0

I need to validate services and their dependencies using around 500+ URL's and I already have a python code that does it. But the problem is that some of the URL's take a minute each to give a response [due to some known dependencies being down]. As each URL is hosted on a different server, is there a way to access multiple URL's at once using the requests module?

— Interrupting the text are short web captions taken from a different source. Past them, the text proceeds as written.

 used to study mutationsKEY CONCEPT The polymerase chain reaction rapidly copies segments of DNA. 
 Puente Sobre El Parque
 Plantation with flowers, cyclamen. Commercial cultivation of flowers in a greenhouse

Below is my entire code I use in pycharm:

import requests
import json
import pandas
import datetime
from requests.auth import HTTPBasicAuth
from requests.packages.urllib3.exceptions import InsecureRequestWarning
requests.packages.urllib3.disable_warnings(InsecureRequestWarning)


def validate():

    line = "---------------------------------------------------------------------------------------------------"
    print("Validation started for:", datetime.datetime.now().strftime("%d-%B-%Y at %H:%M:%S"), "\n" + line)
    username = 'username'
    password = 'password'
    mydata = pandas.read_excel(r'C:\mydata.xlsx', sheet_name='Sheet1')

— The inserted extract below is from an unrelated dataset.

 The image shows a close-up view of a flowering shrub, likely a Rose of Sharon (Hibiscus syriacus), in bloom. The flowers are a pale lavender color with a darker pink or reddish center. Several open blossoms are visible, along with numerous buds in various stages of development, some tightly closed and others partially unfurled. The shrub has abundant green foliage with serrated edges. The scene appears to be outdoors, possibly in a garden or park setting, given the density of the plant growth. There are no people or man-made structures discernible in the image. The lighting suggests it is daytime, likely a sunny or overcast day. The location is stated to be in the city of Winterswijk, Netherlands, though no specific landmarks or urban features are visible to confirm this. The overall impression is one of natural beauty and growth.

    for i in mydata.index:
        srno = str(mydata['Sr No'][i])
        service = mydata['Service Name'][i]
        machine = mydata['Machine Name'][i]
        url = mydata['Node'][i]

        alwaysdownservice = ['service1', 'service2']
        paydown = ['dependency1', 'dependency2', 'dependency3']
        otherdown = ['dependency3']

        def get():
            response = requests.get(url, verify=False, auth=HTTPBasicAuth(username, password))
            data = json.loads(response.text)
            status = data['Success']
            if not status:
                response = requests.get(url, verify=False, auth=HTTPBasicAuth(username, password))
                data = json.loads(response.text)
                status = data['Success']
                if not status:
                    for j in list(data['Dependencies']):
                        dependency = j['DependencyName']
                        d_status = j['Success']
                        if not d_status:
                            if service in alwaysdownservice:
                                if dependency not in paydown:
                                    print(Dependency, "down on", machine, "for", service.)
                            else:
                                if dependency not in otherdown:
                                    print(Dependency, "down on", machine, "for", service.)
                                    
        try:
            get()
            
        except Exception as e:
                        print(line, "\n", e, "\n", srno, "| Below URL is not accessible: \n", url, "\n" + line)



validate()

2 Answers2

0

You can use threads (using the threading library in Python) to call multiple URL's at once. To do that you can use the following code:

import requests
import json
import pandas
import datetime
from requests.auth import HTTPBasicAuth
from requests.packages.urllib3.exceptions import InsecureRequestWarning
import threading
requests.packages.urllib3.disable_warnings(InsecureRequestWarning)

threads = []

def validate():

    line = "---------------------------------------------------------------------------------------------------"
    print("Validation started for:", datetime.datetime.now().strftime("%d-%B-%Y at %H:%M:%S"), "\n" + line)
    username = 'username'
    password = 'password'
    mydata = pandas.read_excel(r'C:\mydata.xlsx', sheet_name='Sheet1')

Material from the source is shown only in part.